How Generative AI Can Harm Higher Education, With Special Emphasis on Legal Education by Scott Fruehwald
Abstract
Generative AI has the potential to do catastrophic harm to higher education. This is because learning is a biological process that requires years and years of effortful labor. Anything that disrupts this labor will severely damage an individual’s ability to function in the world. Gen AI is such a disruption because it substitutes efficiency for learning. Nothing can compensate for the losses incurred when Gen AI is used instead of the human brain.The problem with Gen AI performing learning tasks rather than the student is that there is no learning. This lack of learning applies to both basic and advanced learning. Over reliance on Gen AI produces less factual knowledge and process knowledge than traditional learning in long-term memory—potentially much less knowledge.
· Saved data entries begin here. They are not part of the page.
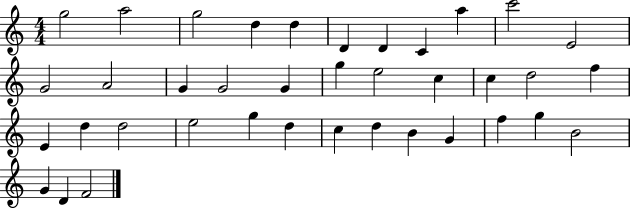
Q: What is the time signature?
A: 4/4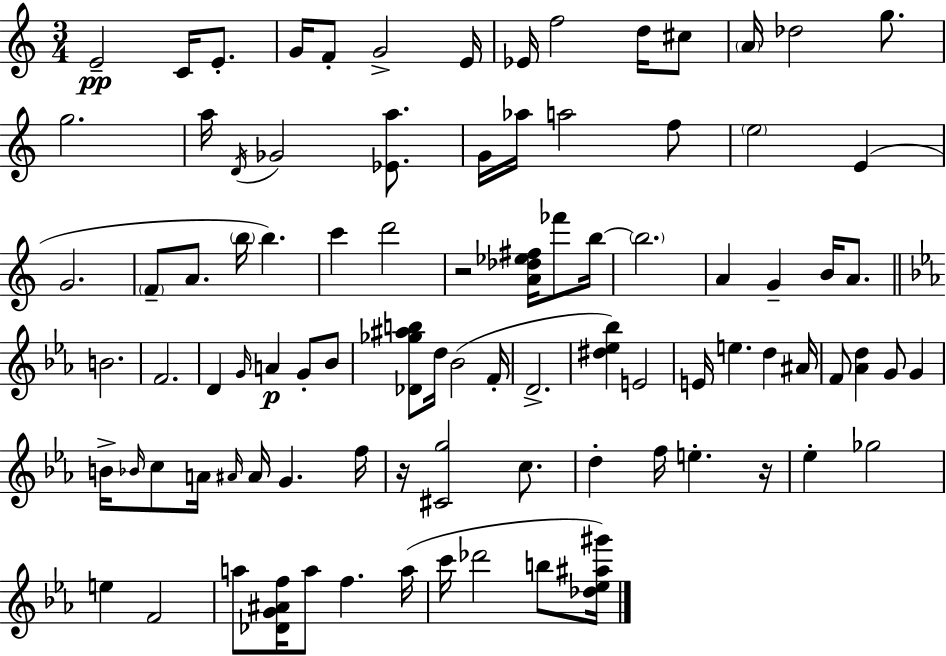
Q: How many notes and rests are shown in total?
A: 91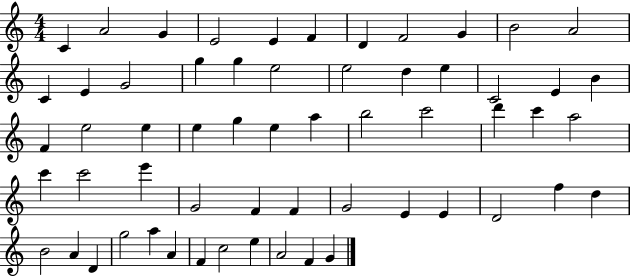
{
  \clef treble
  \numericTimeSignature
  \time 4/4
  \key c \major
  c'4 a'2 g'4 | e'2 e'4 f'4 | d'4 f'2 g'4 | b'2 a'2 | \break c'4 e'4 g'2 | g''4 g''4 e''2 | e''2 d''4 e''4 | c'2 e'4 b'4 | \break f'4 e''2 e''4 | e''4 g''4 e''4 a''4 | b''2 c'''2 | d'''4 c'''4 a''2 | \break c'''4 c'''2 e'''4 | g'2 f'4 f'4 | g'2 e'4 e'4 | d'2 f''4 d''4 | \break b'2 a'4 d'4 | g''2 a''4 a'4 | f'4 c''2 e''4 | a'2 f'4 g'4 | \break \bar "|."
}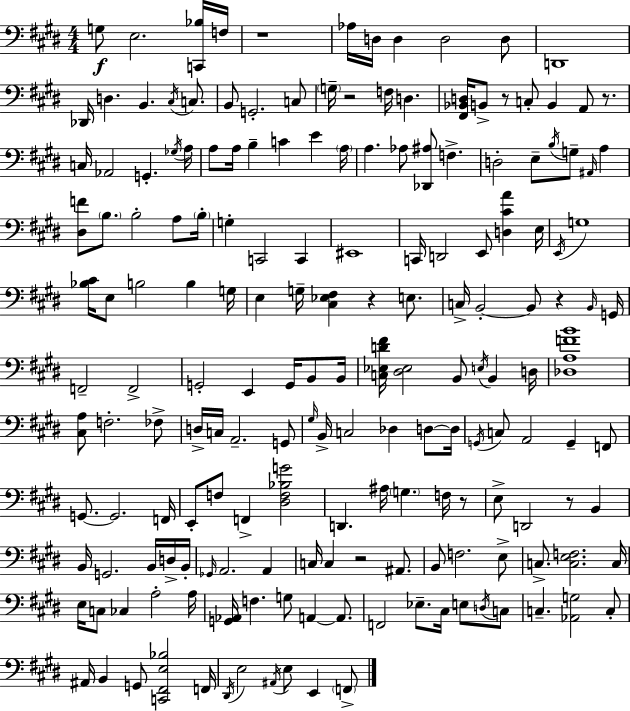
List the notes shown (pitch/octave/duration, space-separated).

G3/e E3/h. [C2,Bb3]/s F3/s R/w Ab3/s D3/s D3/q D3/h D3/e D2/w Db2/s D3/q. B2/q. C#3/s C3/e. B2/e G2/h. C3/e G3/s R/h F3/s D3/q. [F#2,Bb2,D3]/s B2/e R/e C3/e B2/q A2/e R/e. C3/s Ab2/h G2/q. Gb3/s A3/s A3/e A3/s B3/q C4/q E4/q A3/s A3/q. Ab3/e [Db2,A#3]/e F3/q. D3/h E3/e B3/s G3/e A#2/s A3/q [D#3,F4]/e B3/e. B3/h A3/e B3/s G3/q C2/h C2/q EIS2/w C2/s D2/h E2/e [D3,C#4,A4]/q E3/s E2/s G3/w [Bb3,C#4]/s E3/e B3/h B3/q G3/s E3/q G3/s [C#3,Eb3,F#3]/q R/q E3/e. C3/s B2/h B2/e R/q B2/s G2/s F2/h F2/h G2/h E2/q G2/s B2/e B2/s [C3,Eb3,D4,F#4]/s [D#3,Eb3]/h B2/e E3/s B2/q D3/s [Db3,A3,F4,B4]/w [C#3,A3]/e F3/h. FES3/e D3/s C3/s A2/h. G2/e G#3/s B2/s C3/h Db3/q D3/e D3/s G2/s C3/e A2/h G2/q F2/e G2/e. G2/h. F2/s E2/e F3/e F2/q [D#3,F3,Bb3,G4]/h D2/q. A#3/s G3/q. F3/s R/e E3/e D2/h R/e B2/q B2/s G2/h. B2/s D3/s B2/s Gb2/s A2/h. A2/q C3/s C3/q R/h A#2/e. B2/e F3/h. E3/e C3/e. [C3,E3,F3]/h. C3/s E3/s C3/e CES3/q A3/h A3/s [G2,Ab2]/s F3/q. G3/e A2/q A2/e. F2/h Eb3/e. C#3/s E3/e D3/s C3/e C3/q. [Ab2,G3]/h C3/e A#2/s B2/q G2/e [C2,F#2,E3,Bb3]/h F2/s D#2/s E3/h A#2/s E3/e E2/q F2/e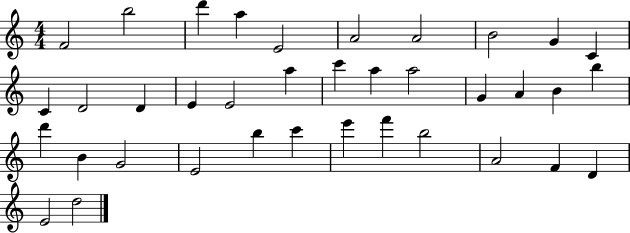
F4/h B5/h D6/q A5/q E4/h A4/h A4/h B4/h G4/q C4/q C4/q D4/h D4/q E4/q E4/h A5/q C6/q A5/q A5/h G4/q A4/q B4/q B5/q D6/q B4/q G4/h E4/h B5/q C6/q E6/q F6/q B5/h A4/h F4/q D4/q E4/h D5/h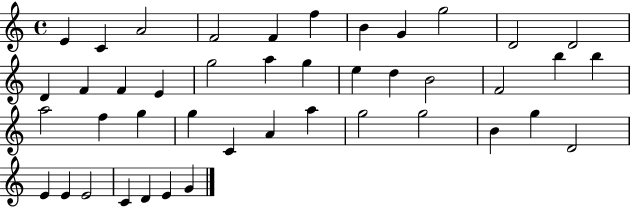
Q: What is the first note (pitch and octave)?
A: E4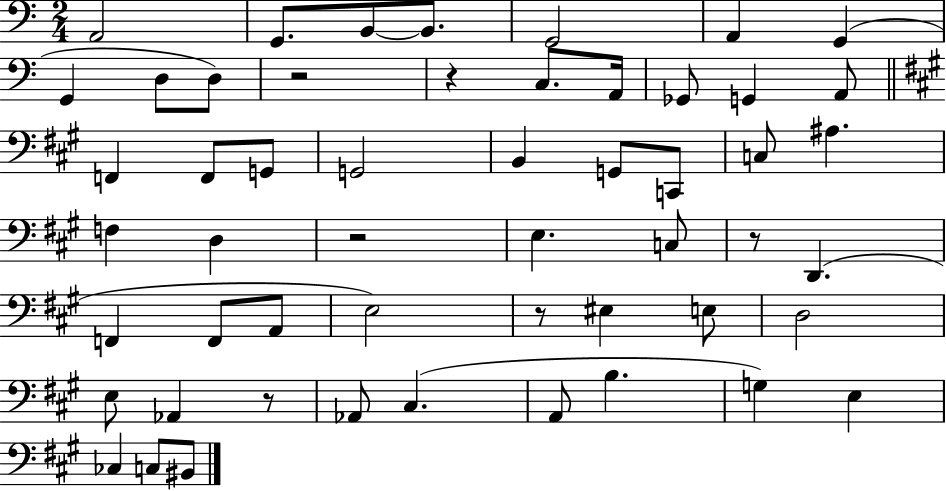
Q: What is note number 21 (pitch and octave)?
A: G2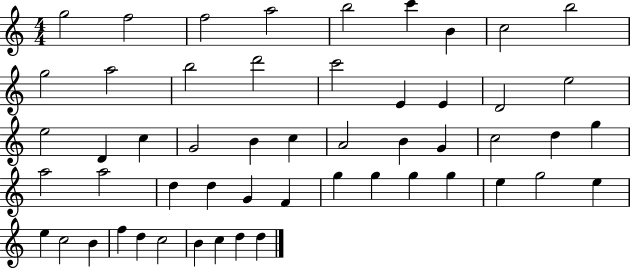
{
  \clef treble
  \numericTimeSignature
  \time 4/4
  \key c \major
  g''2 f''2 | f''2 a''2 | b''2 c'''4 b'4 | c''2 b''2 | \break g''2 a''2 | b''2 d'''2 | c'''2 e'4 e'4 | d'2 e''2 | \break e''2 d'4 c''4 | g'2 b'4 c''4 | a'2 b'4 g'4 | c''2 d''4 g''4 | \break a''2 a''2 | d''4 d''4 g'4 f'4 | g''4 g''4 g''4 g''4 | e''4 g''2 e''4 | \break e''4 c''2 b'4 | f''4 d''4 c''2 | b'4 c''4 d''4 d''4 | \bar "|."
}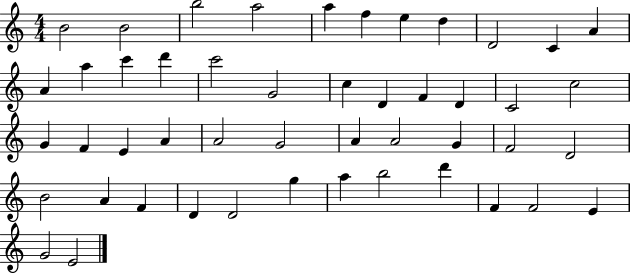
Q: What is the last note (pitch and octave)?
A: E4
In addition, it could significantly harm advanced learning. To begin, advanced learning requires a foundation in the brain. Experts have much, much greater factual and procedural knowledge than novices. If such basic knowledge does not exist in the brain (long-term memory), one cannot become an expert. There is no way that an individual can make up for a lack of basic knowledge in long-term memory—not by using Wikipedia or Gen AI. Basic knowledge must be internal for advanced thinking. Similarly, students cannot imprint advanced thinking techniques on their brains if Gen AI does the work for them.
Fruehwald says this is the first chapter of an AI book.